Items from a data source
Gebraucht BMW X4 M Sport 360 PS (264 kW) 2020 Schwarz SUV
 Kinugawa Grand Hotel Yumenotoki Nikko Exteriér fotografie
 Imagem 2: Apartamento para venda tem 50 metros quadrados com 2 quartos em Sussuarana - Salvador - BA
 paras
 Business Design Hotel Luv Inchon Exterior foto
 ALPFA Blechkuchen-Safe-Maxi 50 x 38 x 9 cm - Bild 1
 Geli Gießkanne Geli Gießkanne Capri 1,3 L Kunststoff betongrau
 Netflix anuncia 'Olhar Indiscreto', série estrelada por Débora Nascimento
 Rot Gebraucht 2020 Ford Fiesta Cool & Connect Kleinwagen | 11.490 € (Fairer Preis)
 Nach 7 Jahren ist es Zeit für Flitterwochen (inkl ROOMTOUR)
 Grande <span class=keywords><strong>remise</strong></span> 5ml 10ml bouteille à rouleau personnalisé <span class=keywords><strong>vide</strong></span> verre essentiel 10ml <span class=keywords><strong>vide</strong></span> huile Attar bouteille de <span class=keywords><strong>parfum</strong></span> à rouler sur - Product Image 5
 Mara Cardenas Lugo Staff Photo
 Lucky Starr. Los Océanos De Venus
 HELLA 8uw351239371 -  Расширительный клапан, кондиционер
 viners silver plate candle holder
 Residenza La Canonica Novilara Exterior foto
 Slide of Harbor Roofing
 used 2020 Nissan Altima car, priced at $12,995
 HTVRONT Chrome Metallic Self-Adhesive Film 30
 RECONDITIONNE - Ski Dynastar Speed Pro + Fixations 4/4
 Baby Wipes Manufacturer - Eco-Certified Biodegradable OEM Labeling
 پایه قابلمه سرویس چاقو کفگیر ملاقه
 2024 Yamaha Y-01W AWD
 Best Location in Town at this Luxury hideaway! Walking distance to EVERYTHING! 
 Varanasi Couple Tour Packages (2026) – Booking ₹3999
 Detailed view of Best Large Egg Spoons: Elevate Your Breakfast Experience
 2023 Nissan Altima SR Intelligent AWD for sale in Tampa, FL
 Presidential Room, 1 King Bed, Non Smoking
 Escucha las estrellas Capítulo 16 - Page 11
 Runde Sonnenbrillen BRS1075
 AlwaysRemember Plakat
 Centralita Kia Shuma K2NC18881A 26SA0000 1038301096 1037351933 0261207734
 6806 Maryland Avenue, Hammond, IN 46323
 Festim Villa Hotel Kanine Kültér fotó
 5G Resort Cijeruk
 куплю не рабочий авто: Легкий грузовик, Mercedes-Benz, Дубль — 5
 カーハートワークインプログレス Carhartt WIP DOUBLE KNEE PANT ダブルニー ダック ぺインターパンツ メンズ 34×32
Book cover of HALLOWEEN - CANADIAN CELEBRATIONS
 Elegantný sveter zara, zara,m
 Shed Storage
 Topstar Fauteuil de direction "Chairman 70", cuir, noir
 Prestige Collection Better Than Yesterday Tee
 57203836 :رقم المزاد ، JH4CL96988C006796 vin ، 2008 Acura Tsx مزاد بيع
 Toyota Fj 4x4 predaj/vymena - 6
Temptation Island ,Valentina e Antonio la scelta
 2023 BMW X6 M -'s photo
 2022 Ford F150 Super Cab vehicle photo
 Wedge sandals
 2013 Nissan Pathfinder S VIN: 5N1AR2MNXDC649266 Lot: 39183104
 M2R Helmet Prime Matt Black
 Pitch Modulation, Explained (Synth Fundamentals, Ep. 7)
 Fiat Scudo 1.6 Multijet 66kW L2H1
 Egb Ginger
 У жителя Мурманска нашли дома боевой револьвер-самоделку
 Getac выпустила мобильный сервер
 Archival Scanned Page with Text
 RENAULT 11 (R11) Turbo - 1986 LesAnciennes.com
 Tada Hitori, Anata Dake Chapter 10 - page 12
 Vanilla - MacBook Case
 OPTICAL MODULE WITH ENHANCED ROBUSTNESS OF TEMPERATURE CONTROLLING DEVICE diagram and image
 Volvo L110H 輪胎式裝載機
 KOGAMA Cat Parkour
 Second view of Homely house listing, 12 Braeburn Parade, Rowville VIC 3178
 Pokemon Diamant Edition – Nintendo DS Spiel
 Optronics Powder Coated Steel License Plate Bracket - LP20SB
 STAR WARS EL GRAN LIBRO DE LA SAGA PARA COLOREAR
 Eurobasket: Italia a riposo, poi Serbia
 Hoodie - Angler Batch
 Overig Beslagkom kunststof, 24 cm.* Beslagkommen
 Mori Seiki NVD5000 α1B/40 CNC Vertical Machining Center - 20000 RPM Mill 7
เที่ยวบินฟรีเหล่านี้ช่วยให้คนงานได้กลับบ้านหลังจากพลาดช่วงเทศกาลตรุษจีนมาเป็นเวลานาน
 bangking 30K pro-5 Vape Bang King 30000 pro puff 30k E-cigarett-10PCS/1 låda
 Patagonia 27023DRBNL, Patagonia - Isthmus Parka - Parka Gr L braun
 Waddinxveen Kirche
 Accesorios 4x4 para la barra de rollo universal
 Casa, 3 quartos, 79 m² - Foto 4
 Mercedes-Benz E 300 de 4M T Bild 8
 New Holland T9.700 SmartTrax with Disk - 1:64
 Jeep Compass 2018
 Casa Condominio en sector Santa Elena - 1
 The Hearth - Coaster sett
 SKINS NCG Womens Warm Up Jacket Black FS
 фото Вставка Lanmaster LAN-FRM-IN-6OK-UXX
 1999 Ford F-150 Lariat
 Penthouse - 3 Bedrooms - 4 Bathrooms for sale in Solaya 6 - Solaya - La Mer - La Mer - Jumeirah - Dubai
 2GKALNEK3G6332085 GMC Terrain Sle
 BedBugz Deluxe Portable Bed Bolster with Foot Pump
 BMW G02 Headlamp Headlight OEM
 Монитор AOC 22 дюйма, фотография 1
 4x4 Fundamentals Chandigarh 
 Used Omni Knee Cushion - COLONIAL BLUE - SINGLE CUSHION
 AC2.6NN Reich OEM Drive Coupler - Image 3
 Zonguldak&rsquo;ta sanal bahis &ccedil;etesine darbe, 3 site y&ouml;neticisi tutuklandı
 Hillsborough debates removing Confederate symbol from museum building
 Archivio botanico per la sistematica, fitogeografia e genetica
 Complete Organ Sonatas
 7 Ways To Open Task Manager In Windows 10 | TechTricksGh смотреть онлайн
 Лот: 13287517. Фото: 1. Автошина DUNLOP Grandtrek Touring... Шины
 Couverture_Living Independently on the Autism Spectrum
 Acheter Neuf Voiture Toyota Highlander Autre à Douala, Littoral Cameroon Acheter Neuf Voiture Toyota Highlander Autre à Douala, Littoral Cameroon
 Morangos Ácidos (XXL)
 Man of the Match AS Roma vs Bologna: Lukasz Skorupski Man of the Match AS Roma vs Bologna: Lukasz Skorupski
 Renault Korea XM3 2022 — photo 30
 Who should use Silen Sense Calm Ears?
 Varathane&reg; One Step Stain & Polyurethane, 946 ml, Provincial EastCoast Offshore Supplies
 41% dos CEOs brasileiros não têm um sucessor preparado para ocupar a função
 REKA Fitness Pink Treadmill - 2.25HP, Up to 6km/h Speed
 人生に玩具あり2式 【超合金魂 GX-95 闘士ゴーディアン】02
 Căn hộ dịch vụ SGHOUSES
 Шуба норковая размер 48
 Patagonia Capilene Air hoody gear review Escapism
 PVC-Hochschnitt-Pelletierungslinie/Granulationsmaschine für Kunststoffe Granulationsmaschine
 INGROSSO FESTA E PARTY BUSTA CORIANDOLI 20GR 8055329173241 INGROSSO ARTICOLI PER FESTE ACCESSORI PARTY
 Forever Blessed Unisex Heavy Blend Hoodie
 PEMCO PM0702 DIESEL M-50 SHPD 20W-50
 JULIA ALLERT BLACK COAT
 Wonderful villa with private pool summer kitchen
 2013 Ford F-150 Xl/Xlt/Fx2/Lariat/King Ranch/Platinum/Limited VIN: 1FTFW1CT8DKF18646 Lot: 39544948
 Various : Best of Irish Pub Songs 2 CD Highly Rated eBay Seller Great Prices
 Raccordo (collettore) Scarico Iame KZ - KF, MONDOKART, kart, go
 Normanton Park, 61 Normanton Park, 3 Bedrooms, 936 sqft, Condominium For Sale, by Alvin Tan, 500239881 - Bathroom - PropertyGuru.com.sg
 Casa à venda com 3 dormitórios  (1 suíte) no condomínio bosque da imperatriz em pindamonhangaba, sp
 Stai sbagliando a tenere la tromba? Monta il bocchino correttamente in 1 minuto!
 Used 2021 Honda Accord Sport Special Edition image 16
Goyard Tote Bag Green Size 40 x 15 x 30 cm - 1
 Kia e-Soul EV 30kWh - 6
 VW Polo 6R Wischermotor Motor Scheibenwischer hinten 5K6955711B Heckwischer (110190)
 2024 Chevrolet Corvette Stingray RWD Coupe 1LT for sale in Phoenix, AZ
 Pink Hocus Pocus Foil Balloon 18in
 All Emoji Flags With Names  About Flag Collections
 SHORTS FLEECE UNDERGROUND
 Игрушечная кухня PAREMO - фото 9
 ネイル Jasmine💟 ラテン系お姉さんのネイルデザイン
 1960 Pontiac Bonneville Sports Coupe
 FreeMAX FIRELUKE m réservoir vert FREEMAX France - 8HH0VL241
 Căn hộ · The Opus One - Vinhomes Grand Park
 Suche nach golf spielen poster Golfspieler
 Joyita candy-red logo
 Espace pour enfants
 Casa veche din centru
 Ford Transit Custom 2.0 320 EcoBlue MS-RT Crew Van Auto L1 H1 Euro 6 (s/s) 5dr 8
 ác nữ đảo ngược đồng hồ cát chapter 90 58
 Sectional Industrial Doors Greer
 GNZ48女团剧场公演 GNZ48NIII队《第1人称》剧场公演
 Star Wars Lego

● EXERCISE PROMPT:
Your answer should be the exact lines above from the one with "BedBugz Deluxe Portable" through the one with "Zonguldak&rsquo;ta sanal bahis", both included, and nothing besides.

● EXERCISE OUTPUT:
 BedBugz Deluxe Portable Bed Bolster with Foot Pump
 BMW G02 Headlamp Headlight OEM
 Монитор AOC 22 дюйма, фотография 1
 4x4 Fundamentals Chandigarh 
 Used Omni Knee Cushion - COLONIAL BLUE - SINGLE CUSHION
 AC2.6NN Reich OEM Drive Coupler - Image 3
 Zonguldak&rsquo;ta sanal bahis &ccedil;etesine darbe, 3 site y&ouml;neticisi tutuklandı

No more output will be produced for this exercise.